1. A query processing system, comprising: A storage device for storing one or more data tables, each of which includes one or more data units; A query predictor generates a predictive query based on analytical information about historical queries received from a host, and reads one or more data units corresponding to the predictive query from the storage device; A buffer that stores data units read from the storage device; A query parser parses a target query to generate target parsing information, the target query being a query received from the host; as well as The query analyzer determines whether a target data unit is stored in the buffer, the target data unit being a data unit corresponding to the target parsing information. When the target data unit is stored in the buffer, the target data unit is read from the buffer, and when the target data unit is not stored in the buffer, the target data unit is read from the storage device.

2. The query processing system according to claim 1, wherein, The analysis information includes information about identifiers included in both the first and second historical queries received from the host, and The first historical query is the most recently received query among the historical queries, and the second historical query is the query received immediately before the first historical query.

3. The query processing system according to claim 2, wherein, The analysis information includes first change information and second change information, wherein the first change information and the second change information relate to each of the identifiers included in both the first historical query and the second historical query. The first change information indicates whether at least one of the operators and values ​​corresponding to each of the identifiers has changed between the first historical query and the second historical query, and the second change information indicates whether at least one of the operators and values ​​corresponding to each of the identifiers has changed between the second historical query and the third historical query received immediately before the second historical query.

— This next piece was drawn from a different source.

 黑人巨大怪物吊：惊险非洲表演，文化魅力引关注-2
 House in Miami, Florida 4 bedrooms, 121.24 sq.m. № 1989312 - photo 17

4. The query processing system according to claim 3, wherein, The query predictor searches for a target identifier based on the first change information and the second change information. The target identifier is an identifier that has changed in both the first historical query and the second historical query. When the target identifier is successfully found, the predictive query is generated.

5. The query processing system according to claim 4, wherein, The query predictor sets the identifiers included in both the first historical query and the second historical query as the identifiers in the predicted query, determines the operators and values ​​corresponding to the target identifier in the predicted query as the operators and values ​​corresponding to the target identifier in the second historical query, and determines the operators and values ​​of the remaining identifiers in the predicted query other than the target identifier as the operators and values ​​corresponding to the remaining identifiers in the first historical query.

6. The query processing system according to claim 1, further comprising a query processor, the query processor generating response data, the response data being data to be sent to the host as a response to the target query. The query analyzer counts the number of operations included in the target query and, based on a comparison of the number of operations included in the target query with at least one of a first threshold number and a second threshold number, determines the preprocessing operations to be performed on the target data unit. The query processor generates the response data by performing the preprocessing operation on the target data unit, and The number of the first threshold is greater than the number of the second threshold.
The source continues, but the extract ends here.